A method module reads in (parts) of a dataset, and uses this to generate a model. Some special types of methods can be helpful to include at the start of a benchmark. Positive controls, for example a method that simply return the reference model of the dataset, and negative controls, for example a method which generate a random model, could be useful to make sure the metrics work correctly. Off-the-shelf methods, methods that can be easily implemented with just a few lines of code, could be helpful as a baseline to other methods and to assess the difficulty of particular datasets.

A common issue when benchmarking is the selection method parameters. It is not uncommon that the authors of a method disagree on what parameter settings were used for benchmarking [8; ]. In our workflow, method authors are required to define for each parameter a default value, but also a distribution of values which can be used for parameter tuning in any form.

Metrics

Metric modules score the output of a model. Some metrics assess the accuracy of a model by comparing it with some reference model present in the dataset. Others will look at the resources consumed by the method, such as CPU time and memory, to assess its scalability. Models can also be compared to other models, for example to examine the stability of a method. Finally, some qualitative metrics can also be defined here, for example those that look at the usability of a method.

Report generators

In the end, the scores are aggregated and interpreted using a report generator. This modules generates a report which can be static, such as a markdown document with some figures, or dynamic in the form of a web application. By crowdsourcing the interpretation of the benchmark in this way, it would become much less authorative and instead promote open discussion in the field [9]. It might certainly happen that different reports would contain contradicting results, but because each reports starts from the same set of data, it would be immediatly clear why the conclusions differ. For example, there might be subtle differences in how the scores have been averaged. Or, a report may only have focused on only a subset of the dataset which the authors found the most relevant for their method.

Modules

Scripts, a portable environment and metadata

A module needs to contain at least command, which will run some code that reads in the input data, process it in some way, and ultimately write the output data in the correct format.

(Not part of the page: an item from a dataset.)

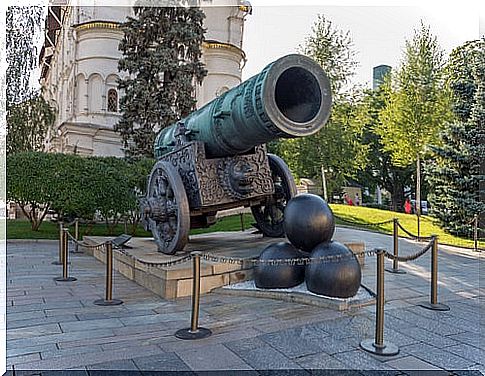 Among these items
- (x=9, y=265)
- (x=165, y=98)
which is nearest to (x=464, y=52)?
(x=165, y=98)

Given the large diversity of programming languages used in computation biology, a collaborative benchmarking effort should try to avoid imposing limits on the kind of programming languages that can be used. As an example, the single-cell analysis field is split between tools written for R and Python [10], and choosing one of these two would therefore alienate a signficant part of the field. Moreover, a collaborative effort should also be open for new languages such as Julia [11], which could be more powerful and developer friendly for certain use cases.

Apart from being language agnostic, the execution of a module should also happen on any computer in exactly the same way. To make the execution reproducible, we therefore require that a module defines a portable environment, which contains the necessary operating system, language interpreters and other packages to execute the code within the module. An environment can be portable on many levels: within one programming language such as virtualenv for python or packrat for R or across languages using package managers such as Conda. The most complete level of reproducibility can be obtained by working at the level of the operating system, through container systems such as docker or singularity. Finally, to be able execute stochastic code in a reproducible manner, it is also necessary to fix the pseudo-random number generator in some way, we do this by always setting an a priori defined seed through R or numpy.

A module also contains metadata, which lists the requirements to run the method such as the inputs, outputs and the name of the portable environment. Within our workflow, we also require some data for organisational purposes, such as a list of authors with their contributions, and the license of the code within the module.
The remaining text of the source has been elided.